● INSTRUCTIONS FOR THE TASK
Repeat each entry as written and leave the images out of the copy.

● ENTRIES PROVIDED
- - - - -

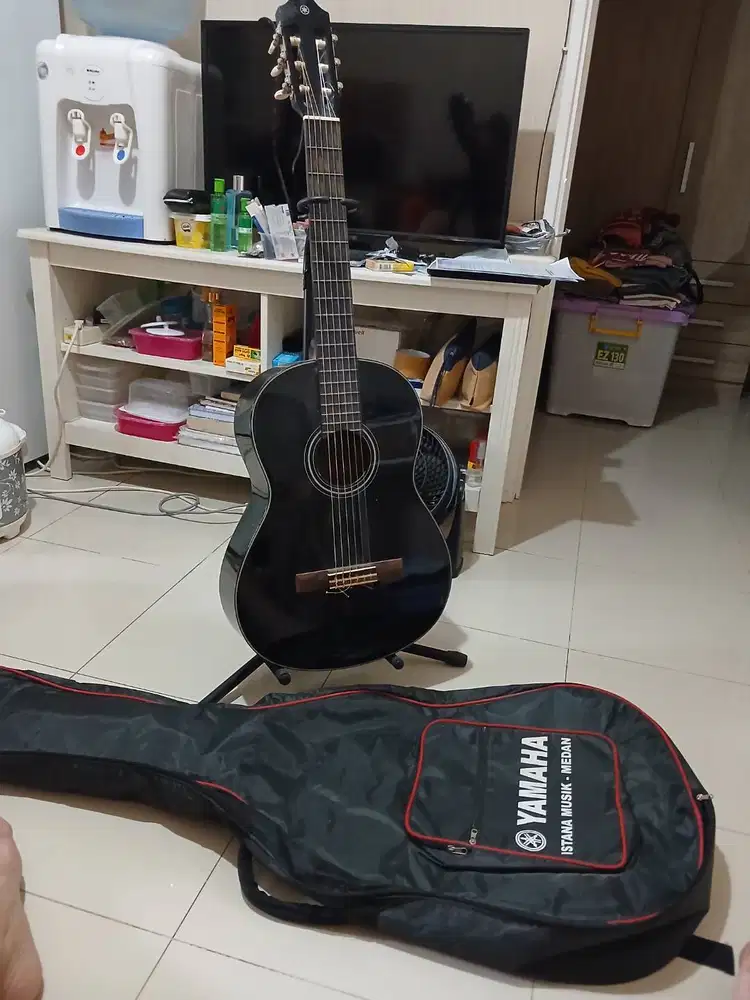 Gitar Yamaha C 40 warna hitam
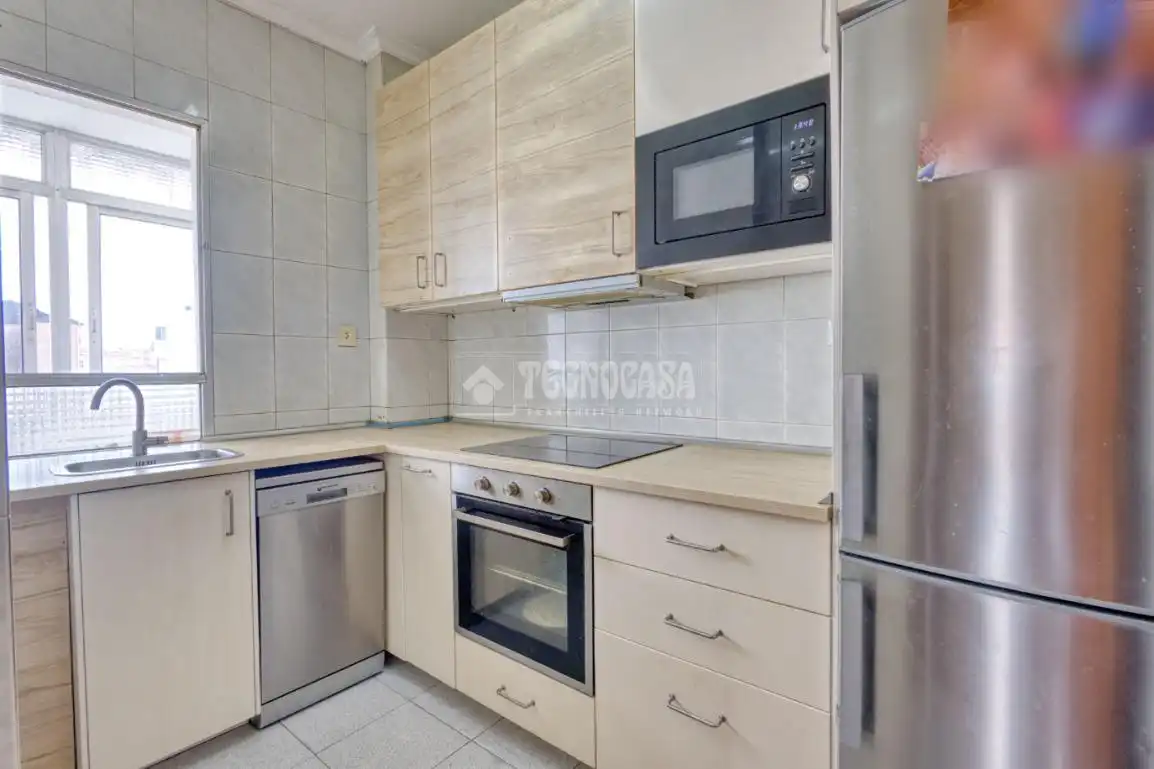 Cocina de Piso en venta en Valladolid con Calefacción y Parquet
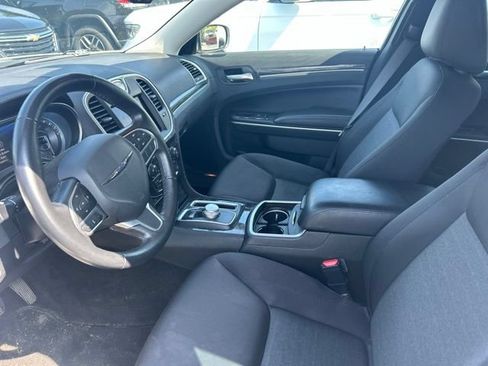 Used 2021 Chrysler 300 Touring RWD image 9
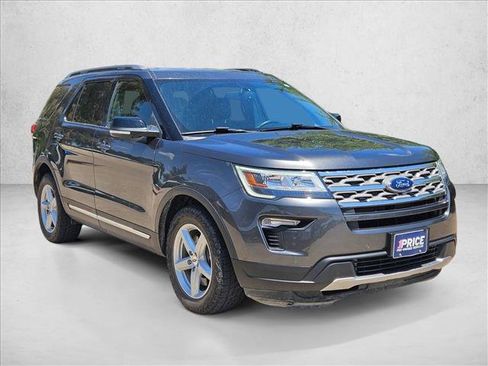 Used 2018 Ford Explorer XLT w/ Equipment Group 202A FWD image 3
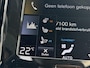 Volvo V60 Cross Country 2.0 B5 AWD Pro | Trekhaak | Elektrische Stoelverstelling | Adaptieve Cruise Control met Stuurhulp | Harman Kardon Audio | Stoelen en Stuurwiel verwarmd | Massagefunctie |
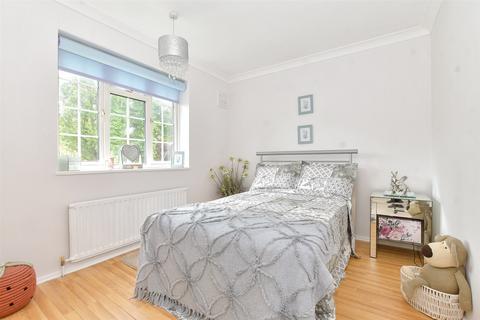 98 Alington Grove, Wallington, SM6 9NG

- - - - -

● ANSWER TO THIS PROBLEM
 Gitar Yamaha C 40 warna hitam
 Cocina de Piso en venta en Valladolid con Calefacción y Parquet
 Used 2021 Chrysler 300 Touring RWD image 9
 Used 2018 Ford Explorer XLT w/ Equipment Group 202A FWD image 3
 Volvo V60 Cross Country 2.0 B5 AWD Pro | Trekhaak | Elektrische Stoelverstelling | Adaptieve Cruise Control met Stuurhulp | Harman Kardon Audio | Stoelen en Stuurwiel verwarmd | Massagefunctie |
 98 Alington Grove, Wallington, SM6 9NG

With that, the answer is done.